Anders dan [eiser 1] en [eiser 2] betogen, is het hiervoor genoemde arrest van de Hoge Raad uit 2012 wel van toepassing. Of het hierbij al dan niet gaat om een incidentele vordering doet niet ter zake, aangezien doorslaggevend is dat, zoals hiervoor is geoordeeld, het om vorderingen betreffende de voortgang of instructie van de zaak gaat.
[eiser 1] en [eiser 2] hebben zich ter zitting nog beroepen op de zogenaamde doorbrekingsjurisprudentie op grond waarvan zij, naar het hof begrijpt, betogen dat zij wel in hoger beroep kunnen komen van het vonnis van 5 januari 2022. Zij stellen dat als het hof de vorderingen onder 2.2 hiervoor beschouwt als incident, [eiser 1] en [eiser 2] in eerste aanleg onvoldoende in de gelegenheid zijn gesteld om daarop te reageren.
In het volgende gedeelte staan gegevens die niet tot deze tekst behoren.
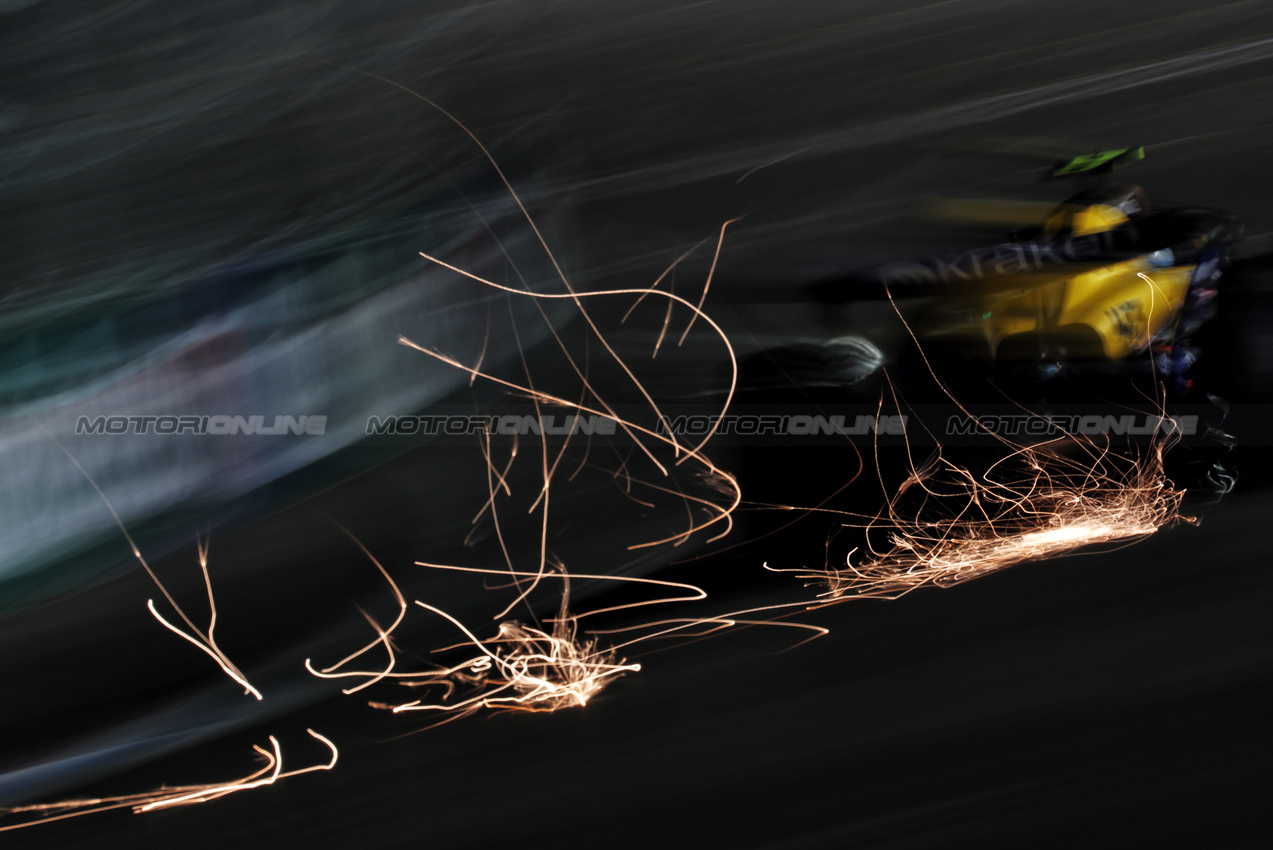 GP LAS VEGAS, Franco Colapinto (ARG) Williams Racing FW46 sends sparks flying.

22.11.2024. Formula 1 World Championship, Rd 22, Las Vegas Grand Prix, Las Vegas, Nevada, USA, Qualifiche Day.

- www.xpbimages.com, EMail: requests@xpbimages.com © Copyright: Moy / XPB Images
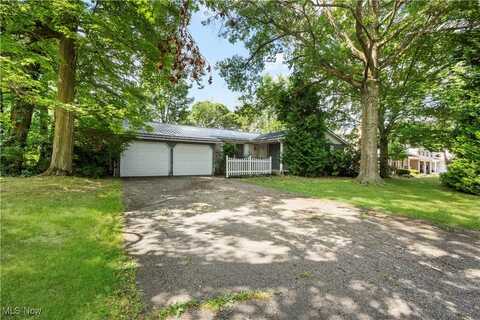 1238 Goldfinch Trail, Stow, OH 44224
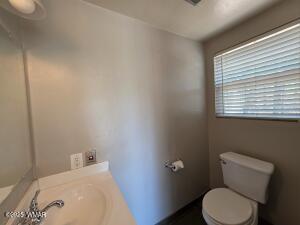 Building Photo - 1208 W Apache Ln
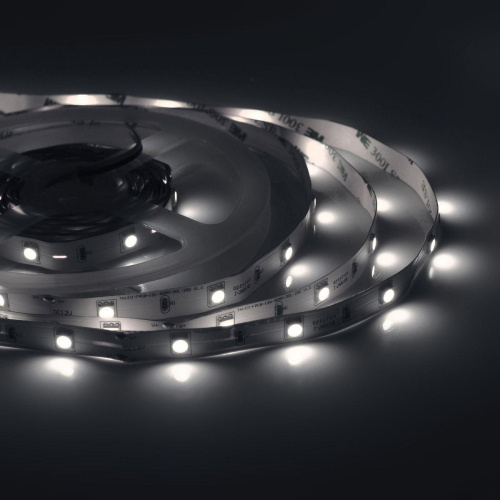 Светодиодная лента Apeyron 7,2W/m 30LED/m 5050SMD холодный белый 5M 10-40 Светодиодная лента Apeyron 7,2W/m 30LED/m 5050SMD холодный белый 5M 10-40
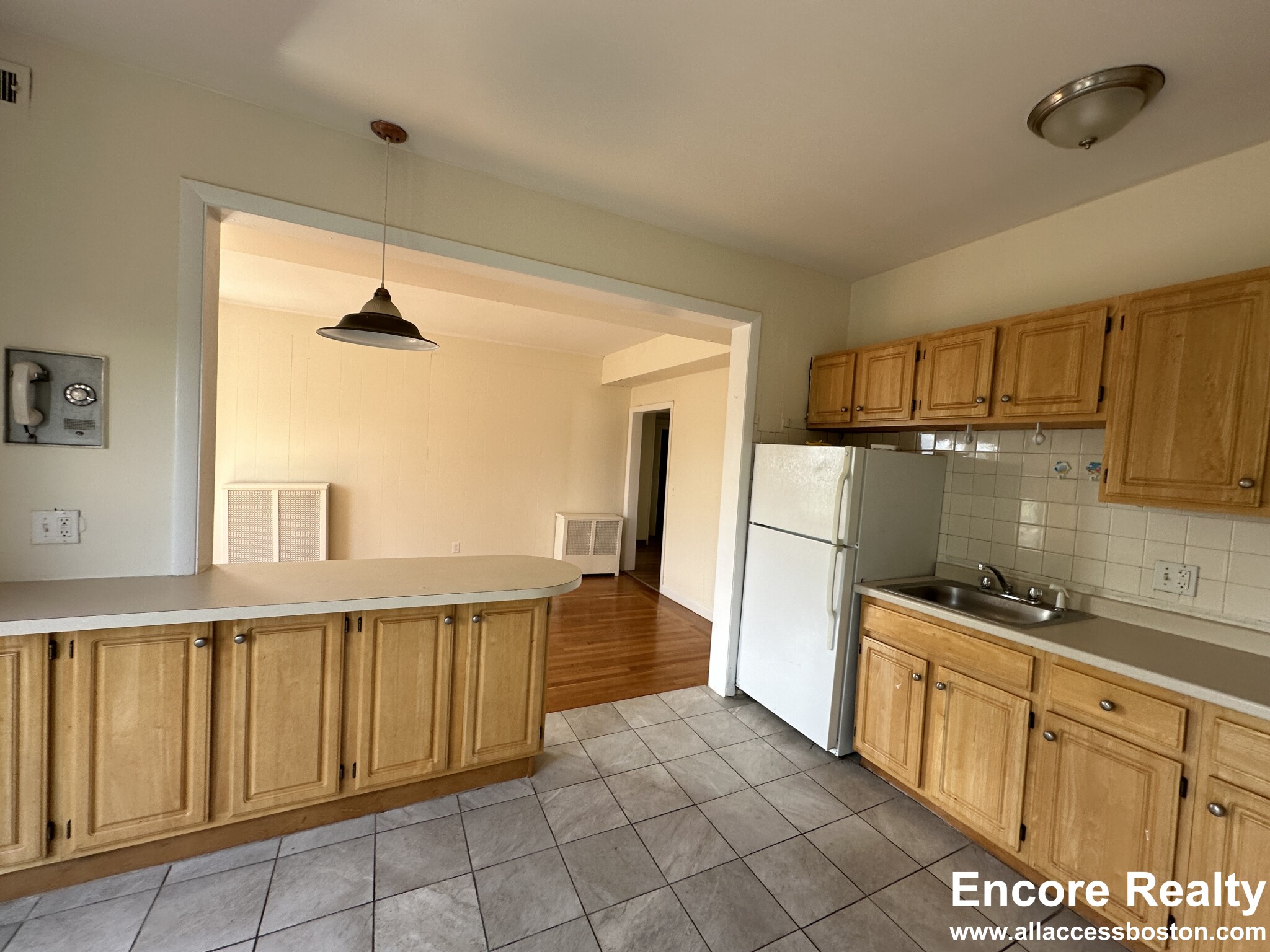 1133 Commonwealth Ave, Allston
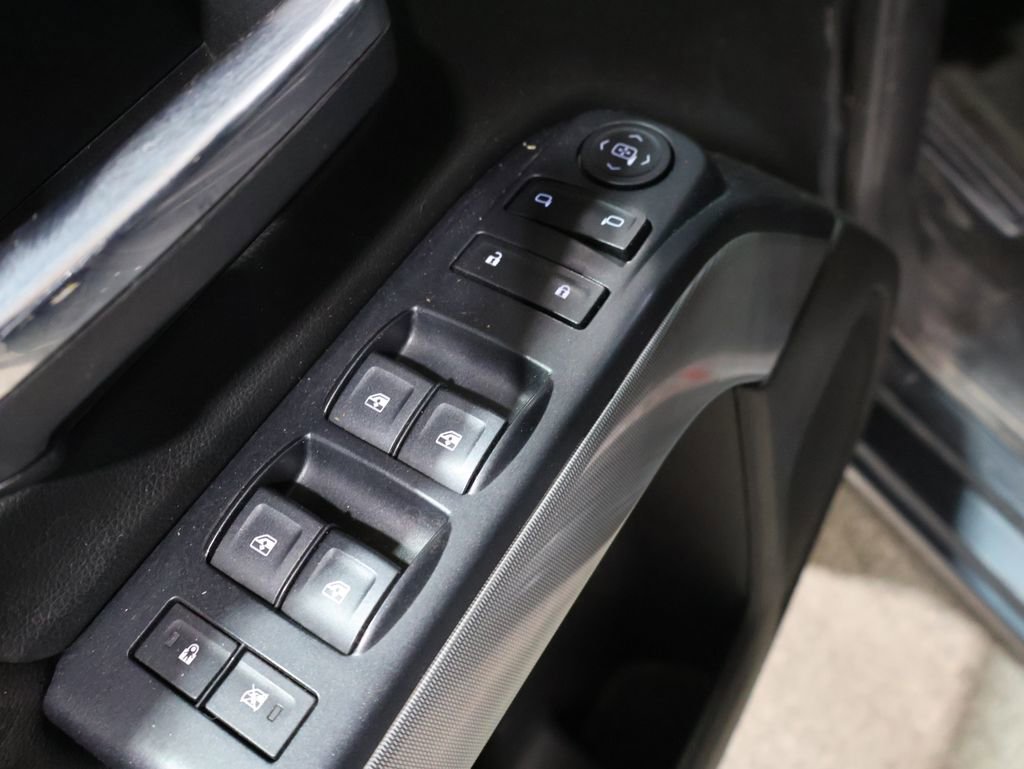 Used 2018 Chevrolet Silverado 1500 LT w/ All Star Edition image 15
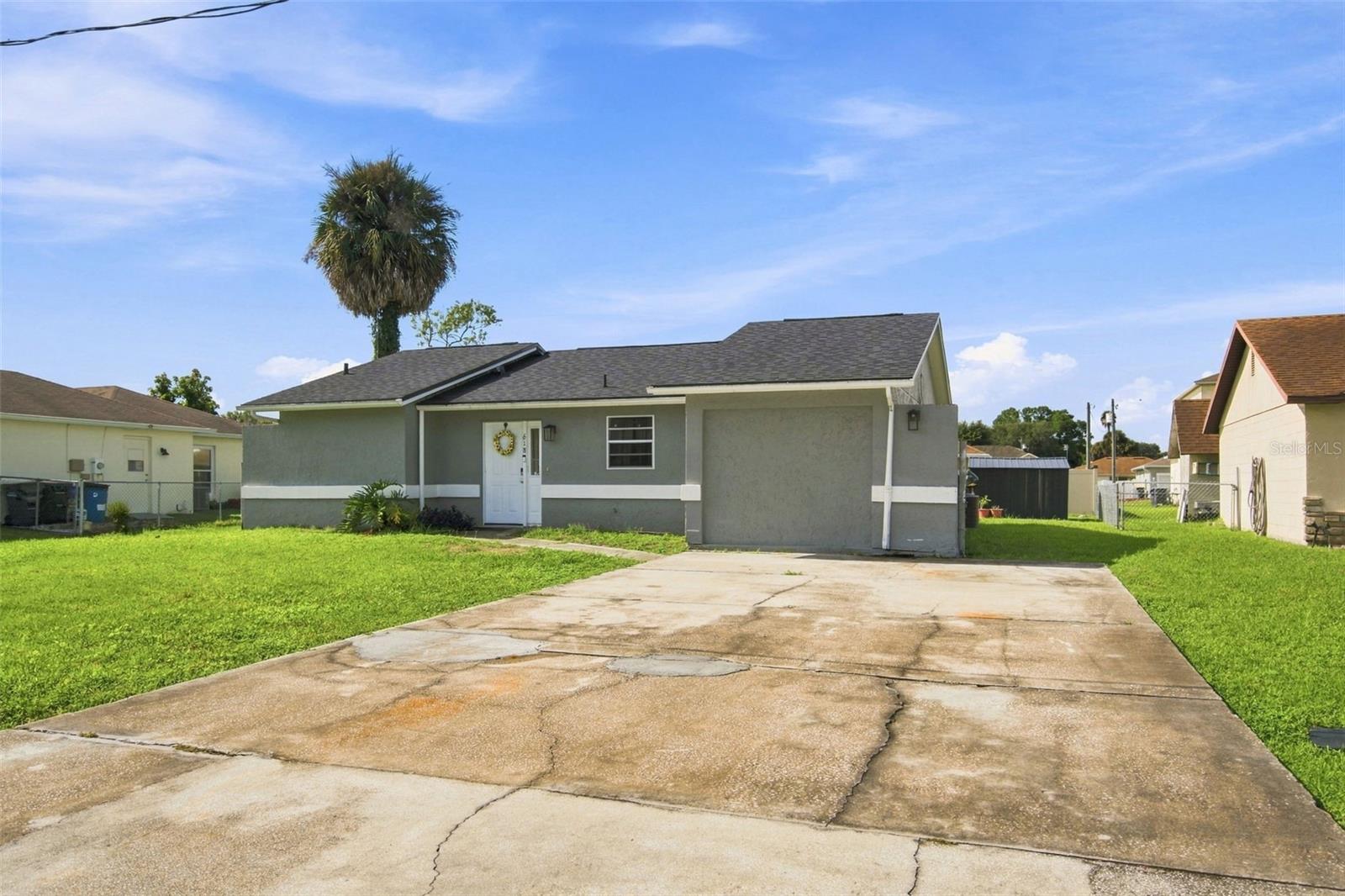 Residential in POINCIANA 4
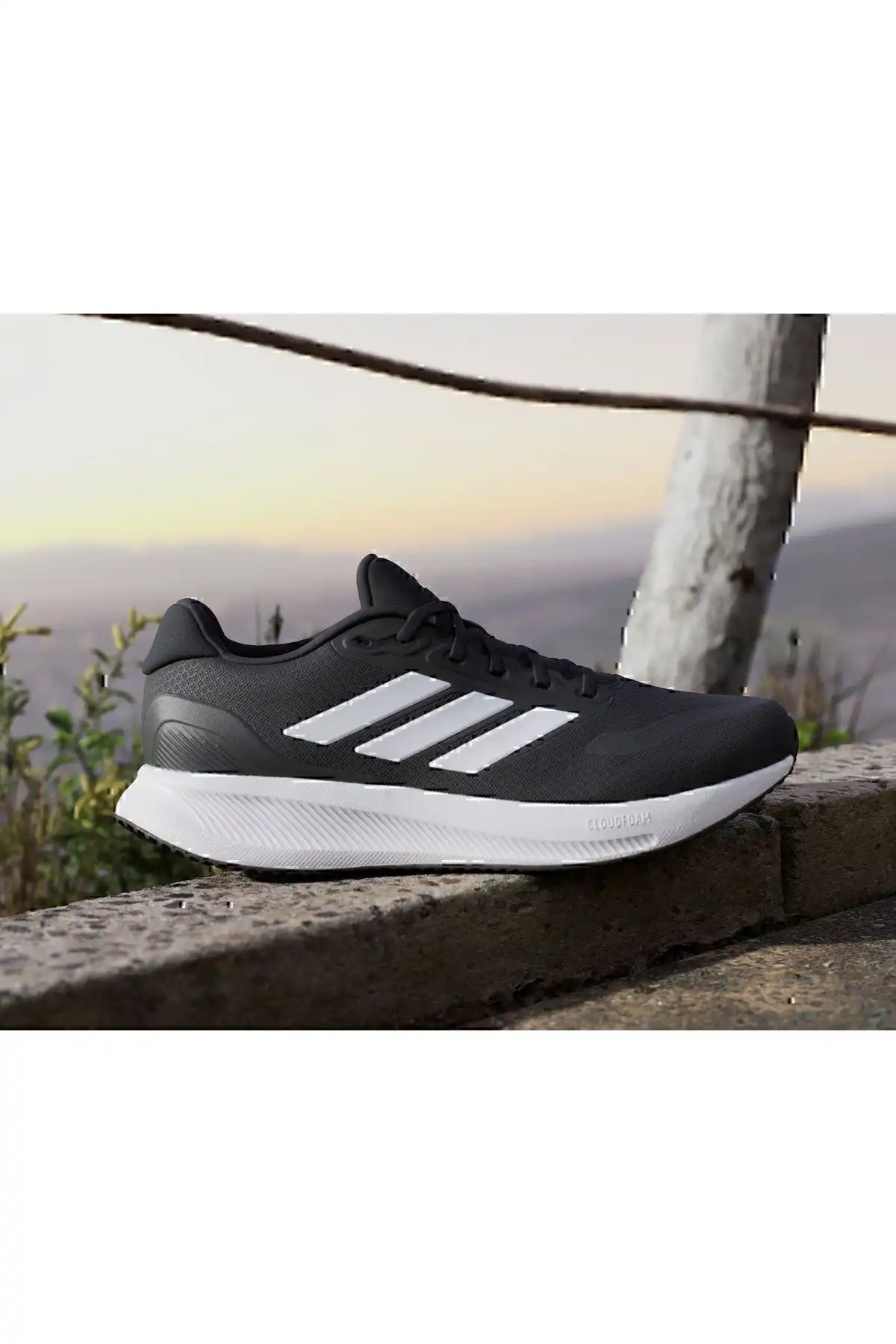 کفش اسپورت مردانه مدل جدید پاییز  2025  برند  adidas به رنگ  runf-7758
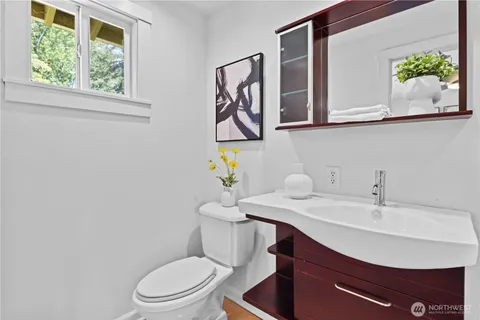 $950,000 | 14556 75th Avenue Northeast, Kenmore, WA 98028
Dat betekent volgens [eiser 1] en [eiser 2] schending van hoor en wederhoor en daarmee schending van een fundamenteel rechtsbeginsel. Dit betoog slaagt niet. Nog afgezien van de vraag of deze grief in een dergelijk laat stadium toelaatbaar is, hadden [eiser 1] en [eiser 2] op de vordering ex artikel 843a Rv. tijdens de mondelinge behandeling in eerste aanleg kunnen reageren of kunnen verzoeken op dat punt nog een akte te mogen nemen. Dat laatste had ook voor de zitting in eerste aanleg op 24 november 2021 gekund, nu blijkens de overgelegde stukken in eerste aanleg mr. Buers de conclusie waarbij de 843a Rv. vordering werd ingesteld, reeds op 26 oktober 2021 had toegestuurd aan mr. De Bakker. Van een schending van hoor en wederhoor is dan ook onvoldoende gebleken.
2.15.
Gelet op het voorgaande acht het hof [eiser 1] en [eiser 2] niet-ontvankelijk in hun hoger beroep tegen het tussenvonnis van 5 januari 2022. Dit leidt ertoe dat het hof [eiser 1] en [eiser 2] zal veroordelen in de proceskosten in hoger beroep, met inbegrip van eventuele nakosten voor zover gevorderd. Voor een veroordeling in de proceskosten in eerste aanleg, zoals gevorderd door [verweerder 1] c.s. en [verweerder 5] ziet het hof geen aanleiding nu het hoger beroep inhoudelijk niet is beoordeeld.

3.Beslissing

Het hof:
verklaart [eiser 1] en [eiser 2] niet-ontvankelijk in hun hoger beroep;
veroordeelt [eiser 1] en [eiser 2] in de kosten van het geding in hoger beroep, tot op heden aan de zijde van [verweerder 1] c.s. begroot op € 783,- aan verschotten en € 4.426,- voor salaris en aan de zijde van [verweerder 5] op € 783,- aan verschotten, € 4.426,- voor salaris en € 178,= voor nasalaris, te vermeerderen met € 92,= voor nasalaris en met de kosten van het betekeningsexploot, ingeval niet binnen veertien dagen is voldaan aan de bij deze beschikking uitgesproken veroordeling en betekening van deze beschikking heeft plaatsgevonden;
verklaart de kostenveroordeling uitvoerbaar bij voorraad.
Dit arrest is gewezen door mr. J. Jonkers, mr. A.R. Sturhoofd, mr. R.M. Troost en door de rolraadsheer in het openbaar uitgesproken op 19 maart 2024.